15 thoughts on “blog-giordomo: a dot.it opportunity?”

  1. Sono un calzolaio con le scarpe rotte, lo so che ho un brutto URL, ma sono in buona compagnia con altri utenti blogger. Dovrei aprire un dominio lo so, mi indicizzerebbe Alexa 🙂 Lo farò dai, non so quando.

  2. incontra molto il mio pensiero. bravo bell’articolo.
    suggerisco a tutti coloro che hanno un blog ‘conosciuto’ in nome.splinder.com di crearsi un blog più professionale. Come? informatevi come abbiamo fatto la maggior parte di noi blogger.

  3. C’è da dire che ci sono tanti blog famosi che non hanno il dominio prendi Post a secret che è su blogger, non che questo che sia a discolpa ma… 🙂

  4. @Maurizio: LOL! Cmq ridendo e scherzando io tra Alexa e Feedburner occupo un posto al sole in classifica che proprio non mi compete e lo trovo bellissimo! Io IRL non potrei mai 😀

    @Luca: Ehhh come scrivo qui sopra, il blog fatto come si deve per essere bello è bello ma è pure un bel lavoro. Cmq da quando quel sant’uomo ha scritto il plugin per importare blog da splinder o motime sai in quanti mi hanno chiesto per poter scappare? Millemila! (A me di scrivere un parser per importare i commenti non passava manco per l’anticamera del cervello

    @Maurizio: Sissi… Il problema è che nello specifico (sia tu che postsecret) mettete dei contenuti, qualcosa di interessante o divertente che attira i visitatori. Io se aprissi su blogspot sarei (oltre che scemo uguale) fuori da qualsiasi classifica! E non è divertente 😀

  5. …hai risposto in parte 😉

    Nel senso che in realtà la domanda implicava anche un senso differente, scusami se son stato troppo oscuro. La domanda è: avete voglia di gestire come un servizio clienti che chiedono cose, sempre le stesse cose, su un servizio che dovrete fornire per un lungo periodo su qualcosa di – di fatto – poco stimolante intellettivamente?

    E’ una domanda umana, più che tecnica: potrebbero esserci 10 come 100.000 richieste, questo è “un altro” problema, che come dici tu si assesta – e uhm, di fatto son d’accordo, leggendo – però rimane il dubbio umano.

    Rimane perché di fatto mi sono un po’ stufato di fare, per dire, riparazioni hardware tipo “pulisci il computer dai virus”. Ok, lo faccio ancora una volta ogni tanto, ma ora dopo anni so che non lo farei mai come “lavoro”.
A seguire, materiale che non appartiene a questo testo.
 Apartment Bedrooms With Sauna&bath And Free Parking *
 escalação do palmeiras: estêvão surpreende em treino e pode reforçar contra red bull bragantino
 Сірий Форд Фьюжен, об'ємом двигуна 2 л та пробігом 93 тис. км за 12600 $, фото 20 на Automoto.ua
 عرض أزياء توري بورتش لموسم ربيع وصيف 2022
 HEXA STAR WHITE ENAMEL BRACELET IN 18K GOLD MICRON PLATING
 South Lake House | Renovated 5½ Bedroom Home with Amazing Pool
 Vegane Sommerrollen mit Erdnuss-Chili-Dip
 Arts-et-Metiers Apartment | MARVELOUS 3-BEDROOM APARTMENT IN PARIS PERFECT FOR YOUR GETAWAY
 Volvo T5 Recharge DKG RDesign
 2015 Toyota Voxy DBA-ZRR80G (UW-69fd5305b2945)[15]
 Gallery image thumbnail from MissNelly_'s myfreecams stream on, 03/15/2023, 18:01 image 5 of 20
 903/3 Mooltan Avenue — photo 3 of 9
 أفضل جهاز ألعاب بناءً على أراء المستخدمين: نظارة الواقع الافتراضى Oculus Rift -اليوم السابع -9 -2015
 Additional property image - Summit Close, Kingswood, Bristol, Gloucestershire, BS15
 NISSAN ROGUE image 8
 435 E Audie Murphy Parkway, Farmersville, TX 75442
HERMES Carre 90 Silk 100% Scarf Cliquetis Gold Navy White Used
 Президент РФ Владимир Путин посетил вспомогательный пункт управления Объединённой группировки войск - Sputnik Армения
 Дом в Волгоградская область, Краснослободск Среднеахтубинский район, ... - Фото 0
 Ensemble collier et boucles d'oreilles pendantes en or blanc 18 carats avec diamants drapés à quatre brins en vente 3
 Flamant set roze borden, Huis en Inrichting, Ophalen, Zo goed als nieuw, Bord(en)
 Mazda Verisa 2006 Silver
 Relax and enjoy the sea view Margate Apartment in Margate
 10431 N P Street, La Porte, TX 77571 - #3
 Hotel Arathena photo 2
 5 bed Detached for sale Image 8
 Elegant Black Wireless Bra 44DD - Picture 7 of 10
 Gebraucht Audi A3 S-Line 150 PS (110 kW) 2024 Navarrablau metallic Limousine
    Penso che se l’idea vi è venuta non vi peserebbe tanto, ma io il dubbio ve lo ripropongo. 🙂

  6. C’è la sfida intellettuale in effetti, si parla da un lato di tenersi aggiornati sulle novità, non solo su wordpress o altri blog-engine ma sugli strumenti (il technorati o feedburner di turno) da proporre dopo aver opportunamente testato e dall’altro, automatizzare a tal punto da trasformare il blog-giordomo in una macchina autocosciente che un giorno ci distruggerà tutti. Io lo trovo stimolante! 😀
    (Io comunque di lavori che “non farei mai” ne ho piene le giornate :|)

  7. Effettivamente, ora che mi ci fai pensare, hai ragione riguardo agli utenti più tecnici: potrebbero essere interessati ad avere una mano, a patto che possano avere comunque la possibilità di mettere le mani in pasta…
    Ciao

  8. Folletto, oltre a quello che dice Theo sull’automatizzazione — che condivido pienamente — aggiungo che se il servizio dovesse andare bene ci sarebbero dei problemi di scala non semplici da risolvere, che trovo affascinanti.

  9. @universo: Sto cercando (inutilmente) di scrivere un post integrativo per rispondere ad alcuni spunti che son venuti fuori.

    @ludo: io scalo ogni giorno le rampe di casa e mi viene il fiatone… forse è meglio se a quell’aspetto pensi tu 😀

    @Folletto: Tiè! Controsfiga della suora 😀

    @Placida: Bisognerà pensare ad un piano “for VIB” :*

  10. Se poi aprite anche una sezione di nanopublishing, be’ m’offenderò se non mi fate un’offerta (anche solo proforma) per affidarmi un blog!
    Penso che potrei impegnarmi a digitare due post al giorno a proposito di qualsiasi cosa (be’, per alcuni temi dovrei sdoganarmi dal mio nickname ;D) a patto che sia interessante e che ne possa capire qualcosa (ad esempio escluderei l’astrofisica e il baseball).